Clemson students use spring break to give back
CLEMSON — Spring break usually means beaches and relaxation for college students, but for hundreds of students at Clemson University, spring break is a chance to do something more. This year, several student organizations will be sending their members across the world to do service projects that range from building schools to health care initiatives.
Clemson University’s Chapter of FCA, Fellowship of Christian Athletes, is sending around 420 students to Indianapolis, Indiana, to work as teaching assistants in classrooms and serve homeless shelters in the state.
Thirty students from the Clemson branch of Students Helping Honduras again will travel to the Central American country to help build new, cleaner schools.
Due to the prevalence of gang activity, children in Honduras are especially at risk for becoming involved with gangs.
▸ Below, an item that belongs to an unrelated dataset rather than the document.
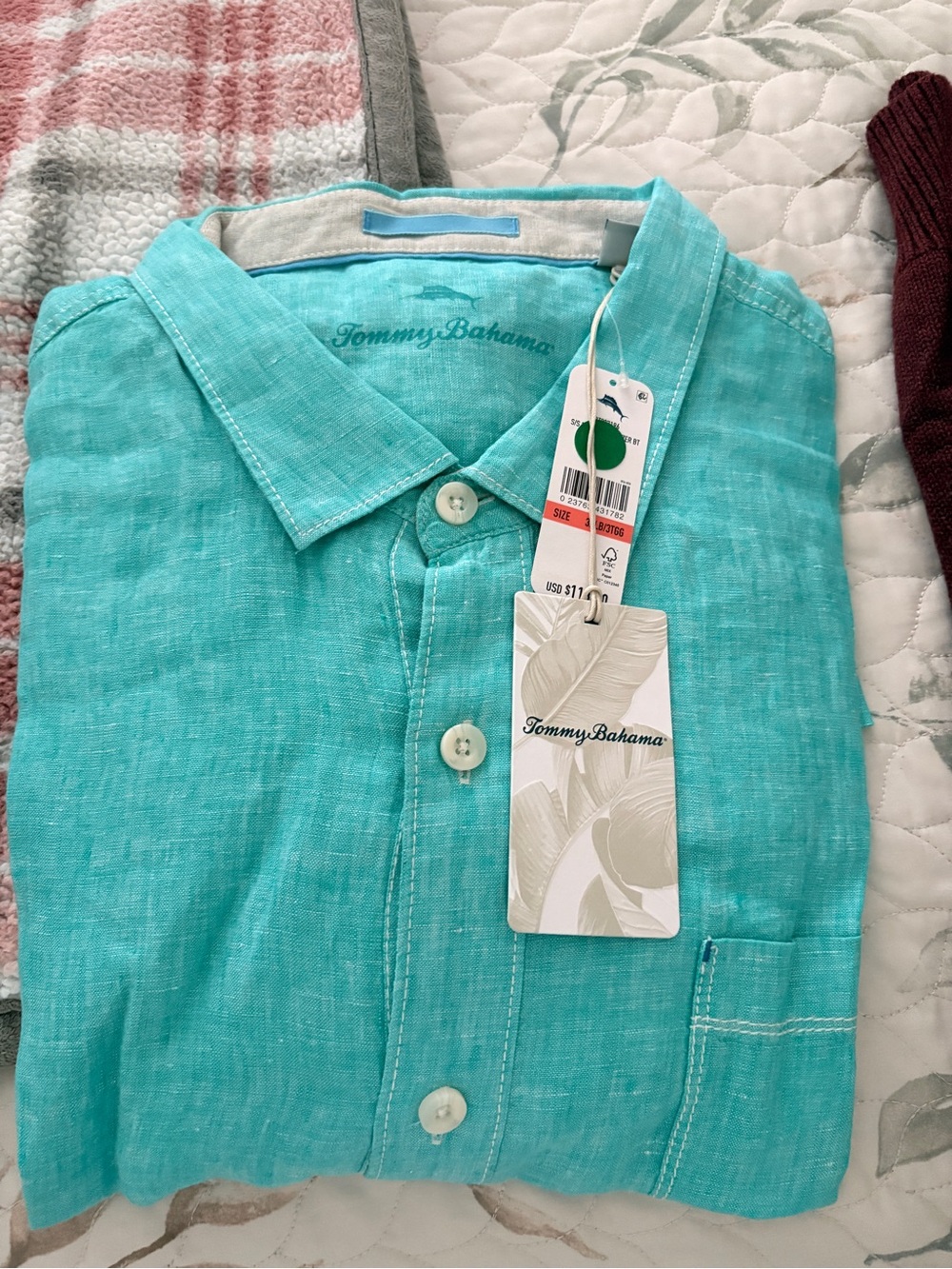 Tommy Bahama Linen Shirt in Aqua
The Students Helping Honduras project aims to encourage Honduran children to stay in school.
Since December, the organization has raised $5,000 for the annual school construction project.
Clemson Wesley, a religious student organization, will send 49 students on two different service trips.
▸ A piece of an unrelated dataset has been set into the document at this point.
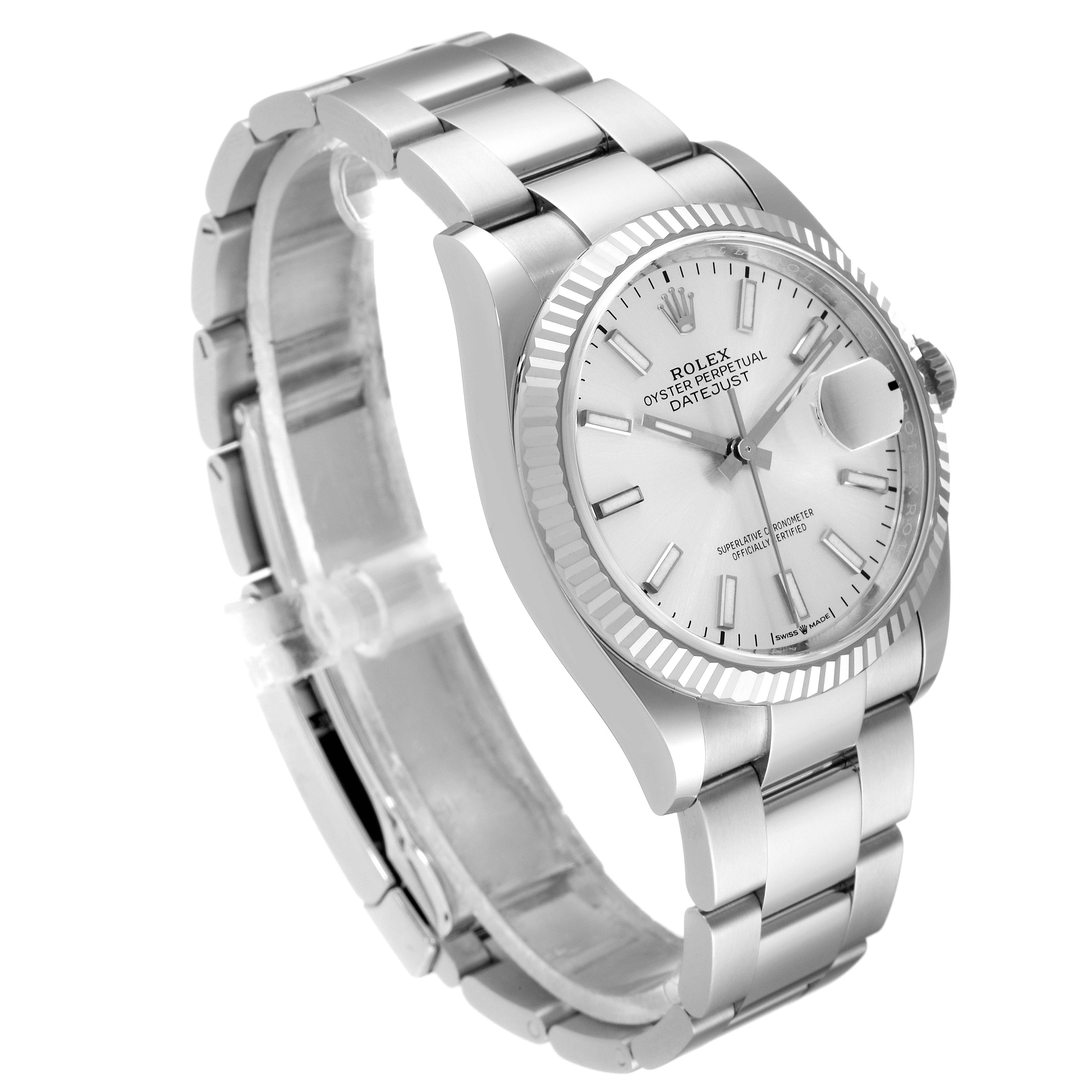 The image shows a Rolex Datejust 126234 Men's Stainless Steel Silver Dial 126234 Men's Stainless Steel Silver Dial watch at a three-quarter angle, displaying the face, bezel, and part of the bracelet.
Thirty of them will go to the greater Miami area to work on projects that assist children and new immigrants, as well as a construction-based project.
The other 19 students will be volunteering on the island of Eleuthera, located in the Bahamas. Students will spend the week in a small settlement working in local schools, churches and community agencies. Students majoring in education will work closely with students and local teachers.
“We are excited to see how service can challenge and encourage us to be more active members of our community back in Clemson,” said Abby Barnett, a student member of Clemson Wesley. “It’s sure to be a meaningful week for all who are involved.”
Clemson Navigators, also a religious organization, is sending 36 students to Birmingham, Alabama, to volunteer alongside the organization Christian Service Mission. During their trip, Clemson Navigators will participate in various service projects that include food distribution, construction and gardening. Students will also be able to visit the Civil Rights Museum.
In addition to student organizations, a service-learning study-abroad program also will be based in the Dominican Republic for the week. Seven students from several different majors will travel with faculty member Arelis Moore to establish public health and community development initiatives. The program is partnered with a local university, Ibero-American University.
“It’s a close cultural learning process where students can learn about public health from a cultural perspective,” said Moore.
While abroad, the students will be divided into teams, one of which will conduct public health research while the others provide educational opportunities for children of varying ages.